Julie Dunkley

Personal information
- Nationality: British (English)
- Born: 11 September 1979 (age 46) Dartford, Kent, England

Sport
- Sport: Athletics
- Event: shot put
- Club: Shaftesbury Barnet Harriers

= Julie Dunkley =

English shot putter (born 1979)

Julie Dunkley (born 11 September 1979) is an English female former athlete who competed in the women's shot put. She has a personal best distance of 16.40 metres.

== Biography ==
Dunkley, a member of Shaftesbury Barnet Harriers, finished second behind Myrtle Augee in the shot put event at the 1999 AAA Championships and continued to podium for four consecutive years; second in 2000 behind Judy Oakes, second behind Jo Duncan in 2001 and second to Augee again in 2002.

Dunkley represented England at the 2002 Commonwealth Games in Manchester, finishing 7th, and was third behind Jo Duncan at the 2003 AAAs.

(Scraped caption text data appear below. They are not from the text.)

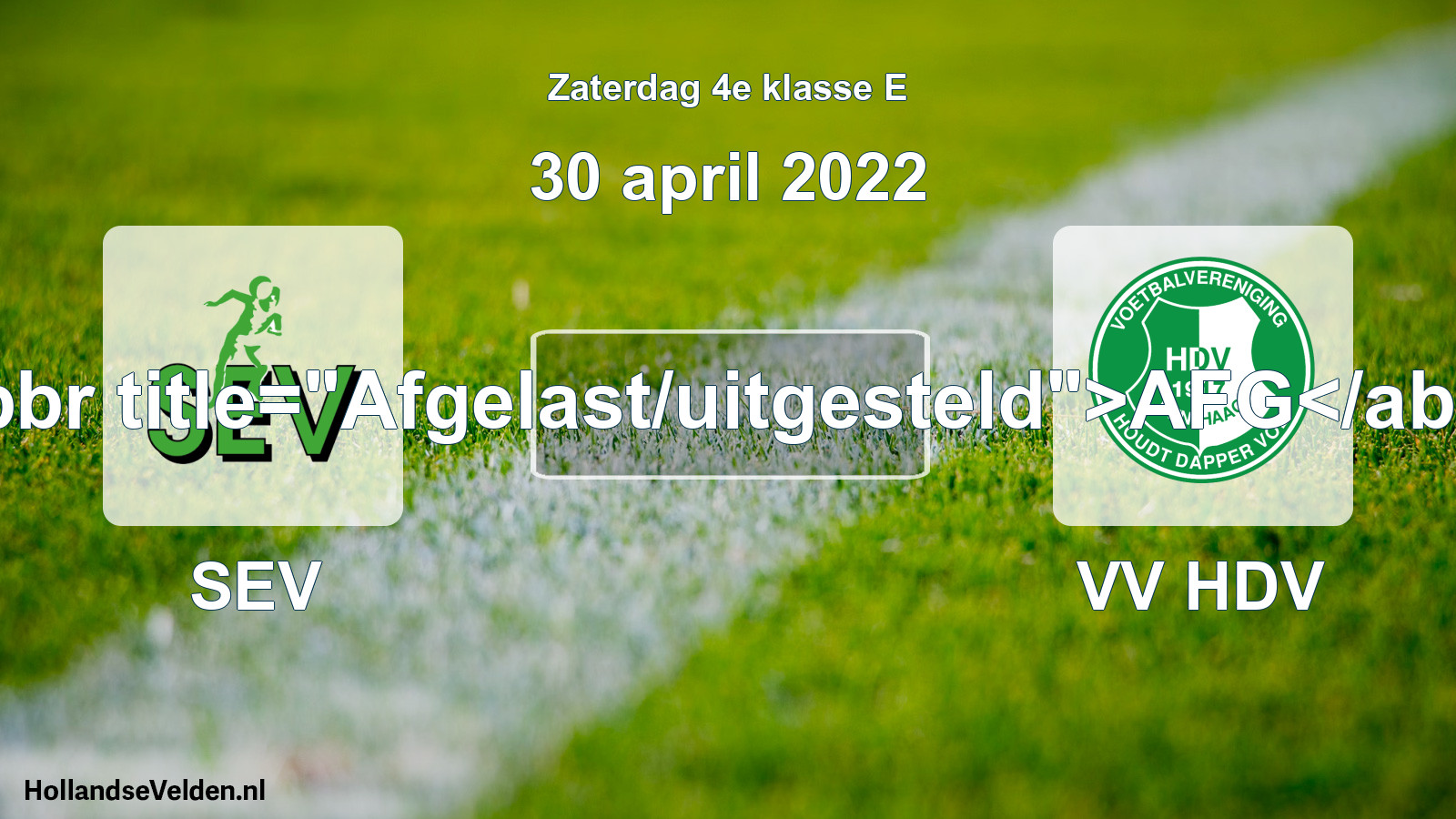 Scheduled Match: SEV - VV HDV (30 April 2022)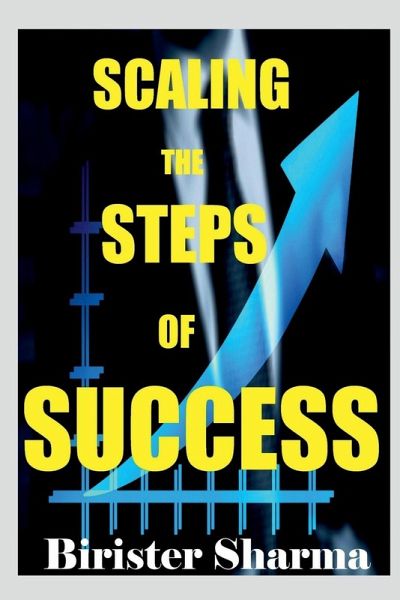 Scaling the Steps of Success... Scaling the Steps of Success...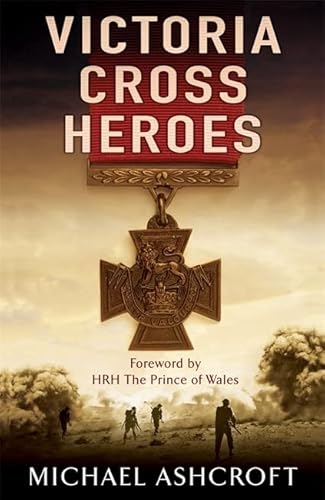 Victoria Cross Heroes: Men of Valour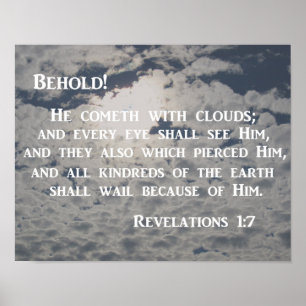 Poster Revelation 1:7 Behold, He cometh with clouds
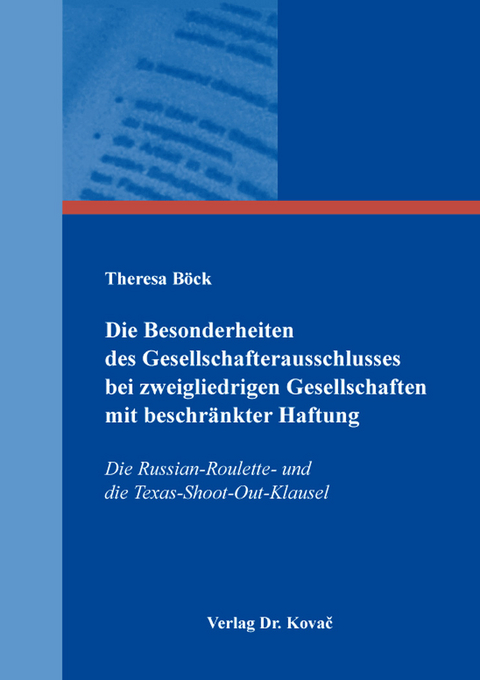 Die Besonderheiten des Gesellschafterausschlusses bei zweigliedrigen Gesellschaften mit beschränkter Haftung - Theresa Böck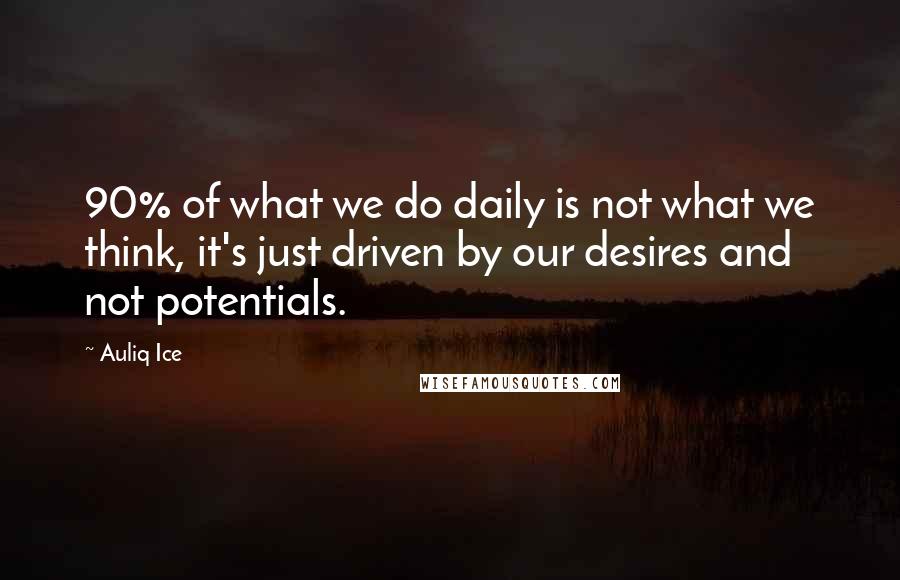Auliq Ice Quotes: 90% of what we do daily is not what we think, it's just driven by our desires and not potentials.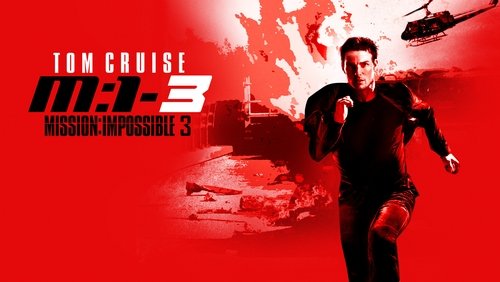 Mission: Impossible 3 - Nhiệm Vụ Bất Khả Thi 3 - Hình 2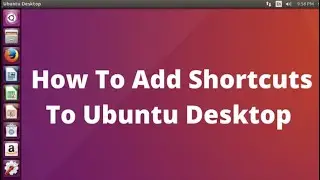 How to add shortcuts to ubuntu desktop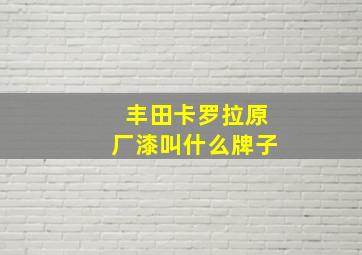 丰田卡罗拉原厂漆叫什么牌子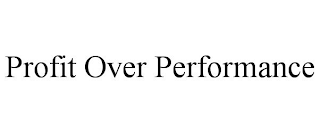 PROFIT OVER PERFORMANCE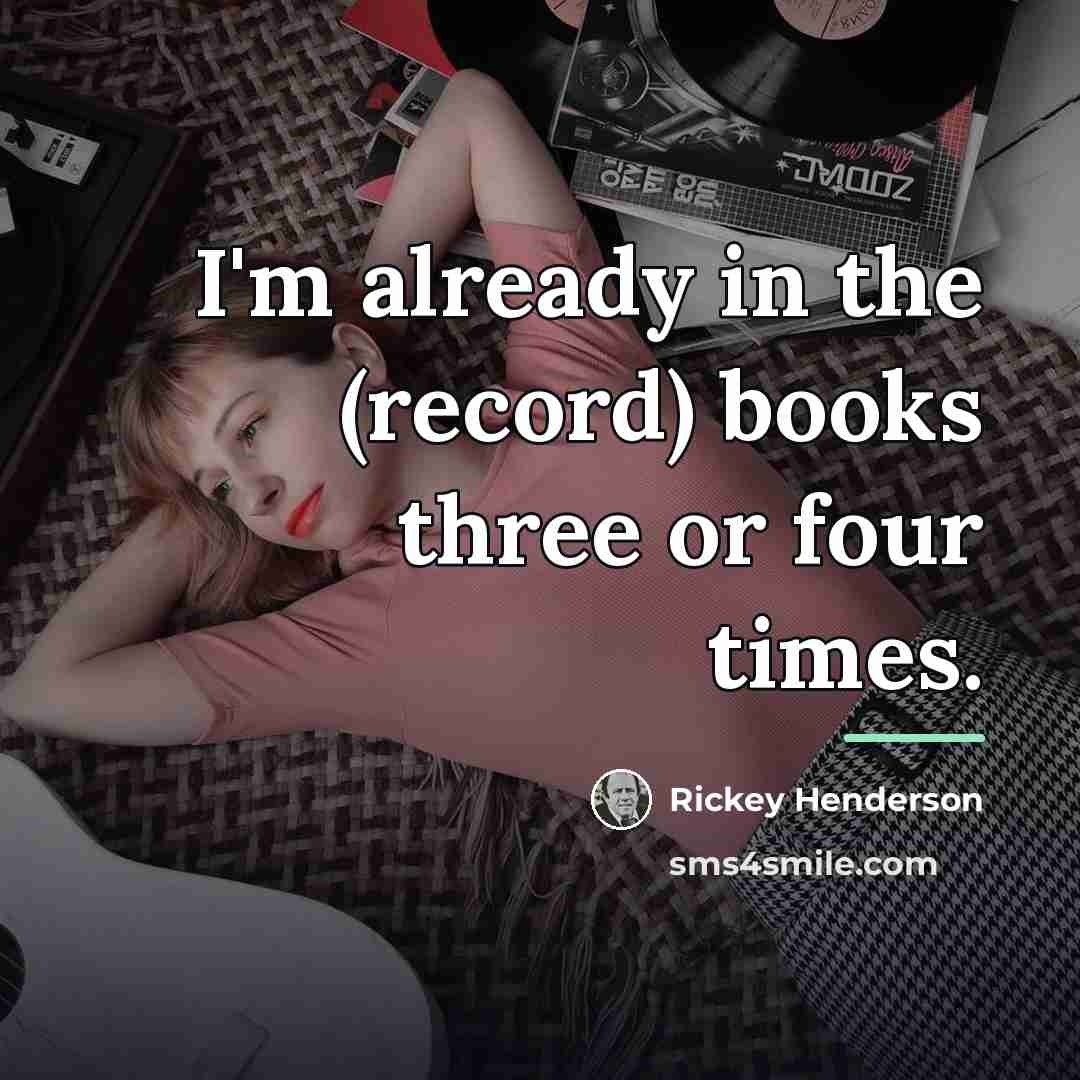 “I'm already in the (record) books three or four times.…” quote by Rickey Henderson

Dunkley finally became the British shot put champion after winning the British AAA Championships title at the 2004 AAA Championships and proceeded to win twice more at the 2005 AAA Championships and 2006 AAA Championships.

Dunkley represented England at the 2006 Commonwealth Games in Melbourne, finishing 10th.

Dunkley was also a two-time National indoor champion, winning two indoor titles in 2001 and 2006.